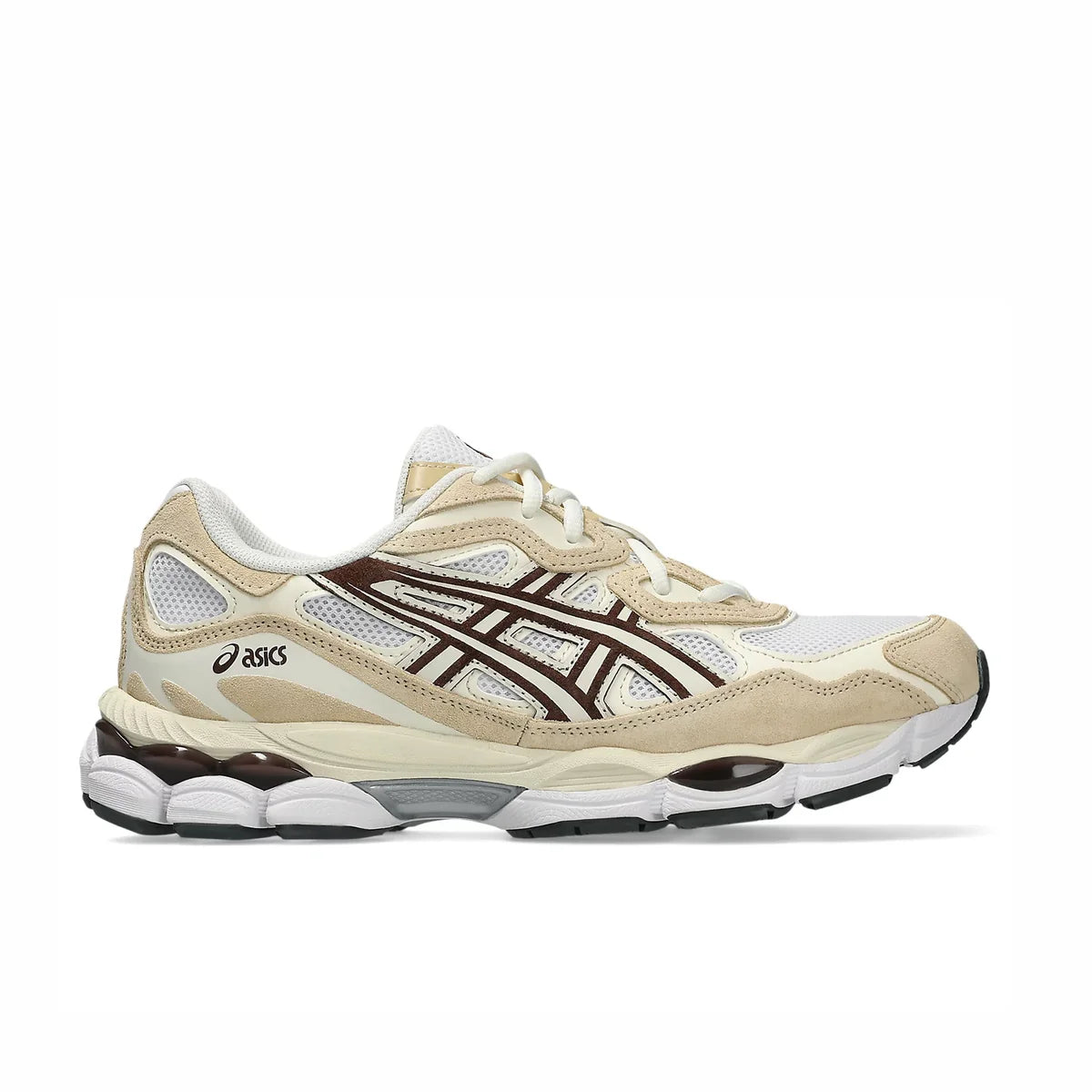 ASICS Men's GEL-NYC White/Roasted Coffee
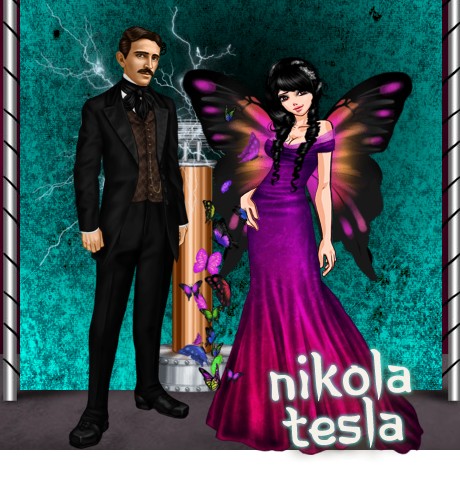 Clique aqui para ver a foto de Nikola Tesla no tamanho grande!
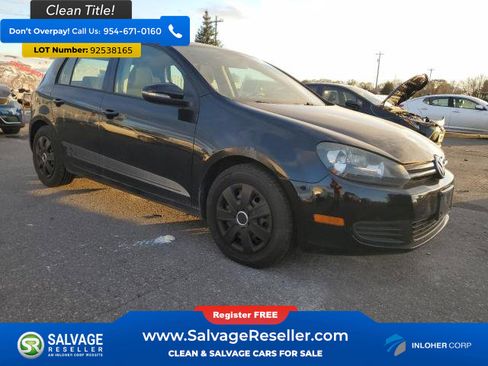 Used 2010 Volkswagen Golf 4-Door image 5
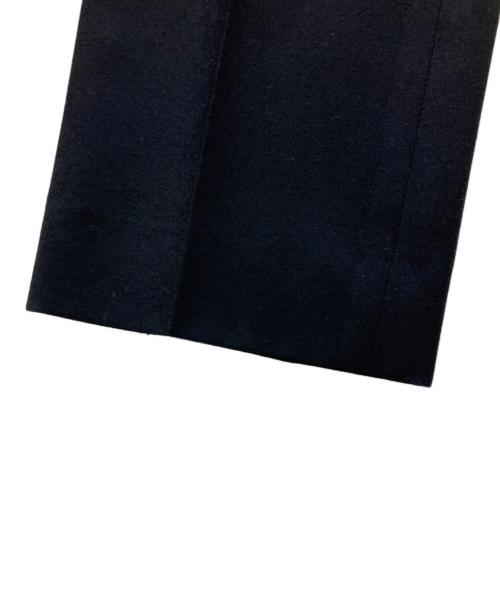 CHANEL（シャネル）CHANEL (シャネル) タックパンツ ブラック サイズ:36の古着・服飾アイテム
==
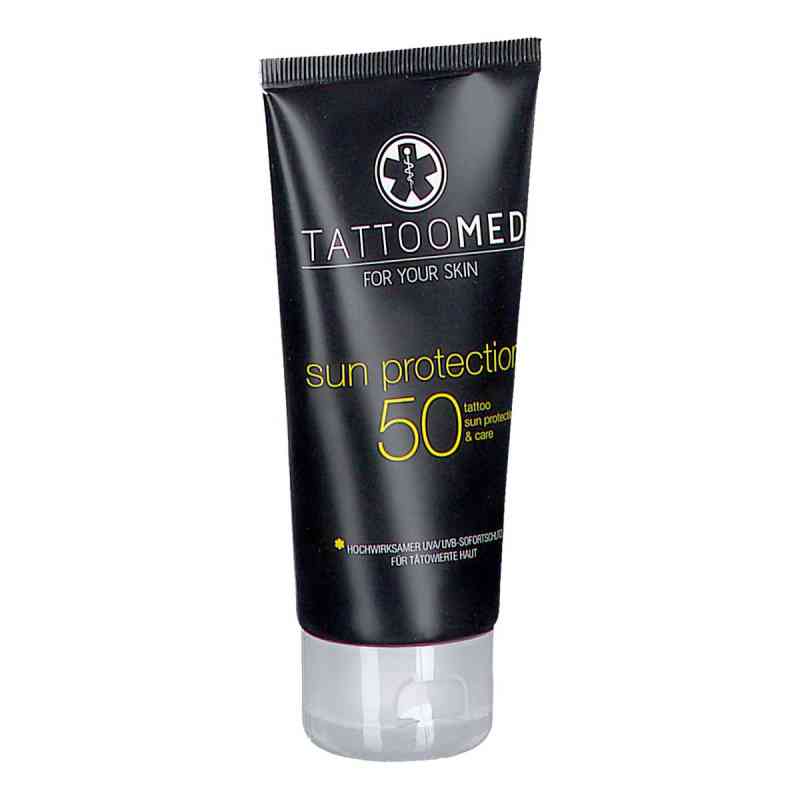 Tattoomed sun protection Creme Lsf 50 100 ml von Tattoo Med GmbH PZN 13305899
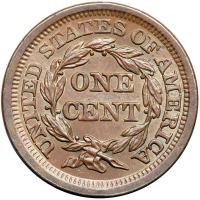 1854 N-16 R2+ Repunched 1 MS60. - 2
--
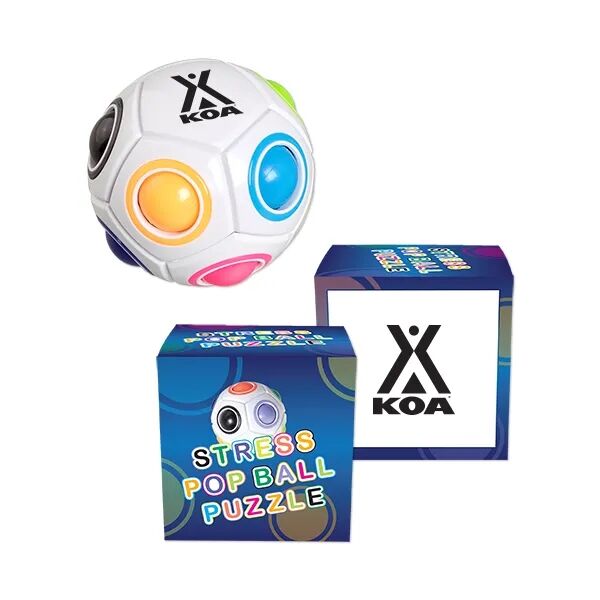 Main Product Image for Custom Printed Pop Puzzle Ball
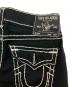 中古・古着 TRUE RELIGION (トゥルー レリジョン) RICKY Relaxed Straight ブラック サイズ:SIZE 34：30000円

■ TASK TO CARRY OUT: Using the data above, give again exactly the lines starting at the one holding "ASICS Men's GEL-NYC White/Roasted Coffee" and ending at the one holding "CHANEL（シャネル）CHANEL (シャネル) タックパンツ", inclusive, and nothing more. Omit the pictures.

■ WORKED SOLUTION:
 ASICS Men's GEL-NYC White/Roasted Coffee
 Clique aqui para ver a foto de Nikola Tesla no tamanho grande!
 Used 2010 Volkswagen Golf 4-Door image 5
 CHANEL（シャネル）CHANEL (シャネル) タックパンツ ブラック サイズ:36の古着・服飾アイテム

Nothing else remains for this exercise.